David et Jonathas : les tourments de Saül vus par Jean Bellorini

David et Jonathas. Photographie © Philippe Delval / théâtre de Caen.

Créé à Caen en janvier dernier, le David et Jonathas de Charpentier achevait sa tournée française sur la scène du TCE. Telle que nous la connaissons actuellement, la tragédie biblique est une œuvre incomplète. À l’origine, cet opéra destiné aux élèves du Collège Louis-le-Grand jouait à parts égales avec une pièce en vers latin (perdue) dont elle constituait en quelque sorte l’illustration musicale. Telle quelle, elle manque sans doute d’un fil dramatique. Dans sa note d’intention, Jean Bellorini dit avoir voulu recentrer l’intérêt sur Saül, le roi dont le pouvoir est mis en cause par David, le nouvel élu de Dieu. Il en a fait un vieil homme en proie à un délire paranoïaque, en chemise sur un lit de fer, tel un aliéné dans un hôpital et lui a associé un personnage inventé, une sorte de chaperon ou de gardien qu’il a baptisé « La Reine des oubliés ». Le discours de ce personnage se veut « philosophique » et moral, et tend à replacer l’épisode biblique dans une perspective contemporaine. Outre la banalité pontifiante des propos, la voix amplifiée de la comédienne crée une rupture avec la musique vivante et le texte de Wilfried N’Sondé n’apporte pas grand-chose au livret du Père Bretonneau qui est déjà suffisamment explicite.

On reconnaîtra une incontestable virtuosité au décor à transformation imaginé par le metteur en scène qui permet de séparer les deux temporalités, le présent de Saül et le souvenir des évènements qui ont conduit à sa déchéance. Sa lecture en revanche reste assez absconse et à la superficie de l’œuvre notamment concernant les rapports des deux protagonistes. Au-delà d’un certain folklore vestimentaire — masques et coiffes en un bricolage qui sans doute voudrait évoquer un spectacle « scolaire » —, elle ne parvient guère à faire exister les personnages secondaires, tels la Pythonisse extravagante ou Joabel parfaitement ridicule en jupette écossaise. Est-ce pour éviter les connotations homosexuelles que suggère « l’amour » des protagonistes l’un pour l’autre que Jonathas est habillé dans un style nettement féminin et que leurs ébats sont réduits à un jeu de pierre-feuille-ciseaux ? On regrette également que chaque conclusion d’acte ne se fasse rideau baissé alors que la musique appellerait d’évidence une sorte de « divertissement » chorégraphié.
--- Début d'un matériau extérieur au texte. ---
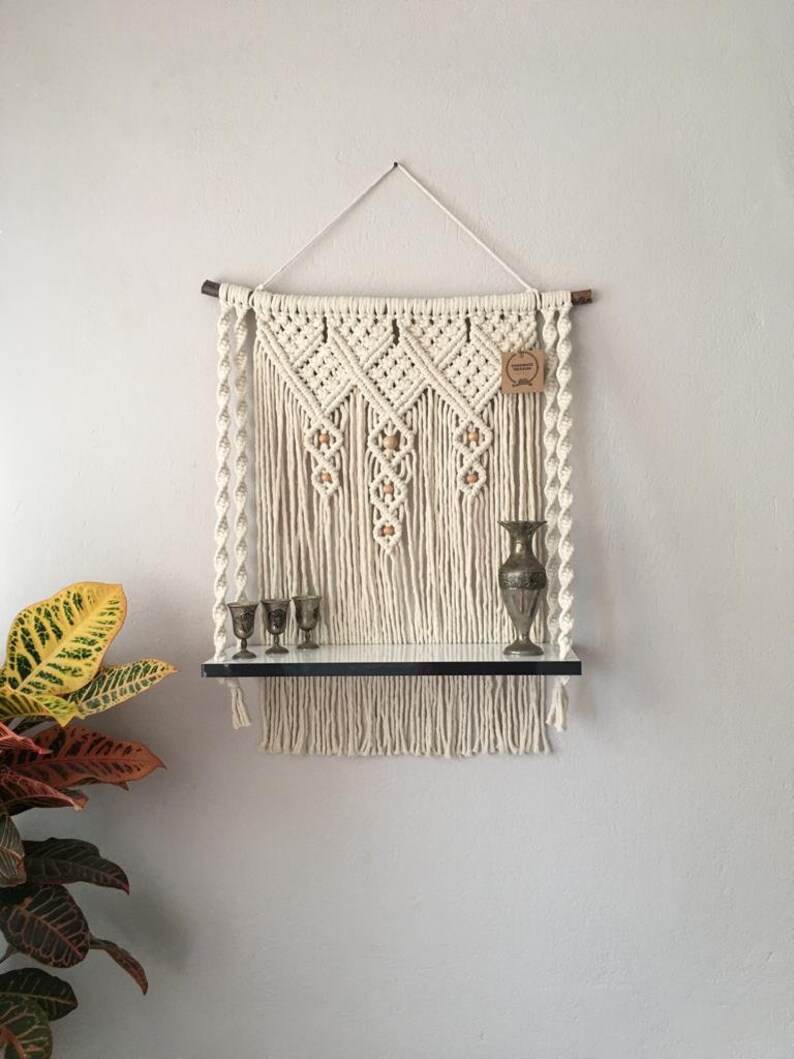 May include: Cream-colored macrame wall shelf with a black shelf and decorative items. The macrame features diamond patterns and wooden beads. A small vase and three goblets are displayed on the shelf.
David et Jonathas. Photographie © Philippe Delval / théâtre de Caen.

Au-delà des limites de l’approche scénique, on apprécie une distribution de haut niveau où les rôles épisodiques sont tenus par de vraies personnalités, Lucile Richardot et son timbre si particulier en Pythonisse et Etienne Bazola en Joabel. Les aigus pincés du David de Petr Nekoranec sont affaire de goût, mais son articulation française est parfaite de même que celle de Gwendoline Blondeel dont le soprano très léger renforce la féminité de son Jonathas. Jean-Christophe Lanièce crève l’écran dans son rôle de roi tourmenté malgré une direction d’acteurs qui le met souvent en position inconfortable (danser sur un plan incliné, par exemple).

Dans la fosse, l’ensemble Correspondances met un petit temps à se chauffer, mais atteint à la plénitude sonore tandis que sur le plateau l’excellent chœur donne le meilleur de lui-même d’entrée de jeu. Si au final la dimension musicale sauve la production, elle ne nous fera pas oublier celle si cohérente d’Andreas Homoki à l’Opéra Comique en 2013, vision « domestique » de ce drame biblique où brillait singulièrement la Pythonisse ménagère de Dominique Visse.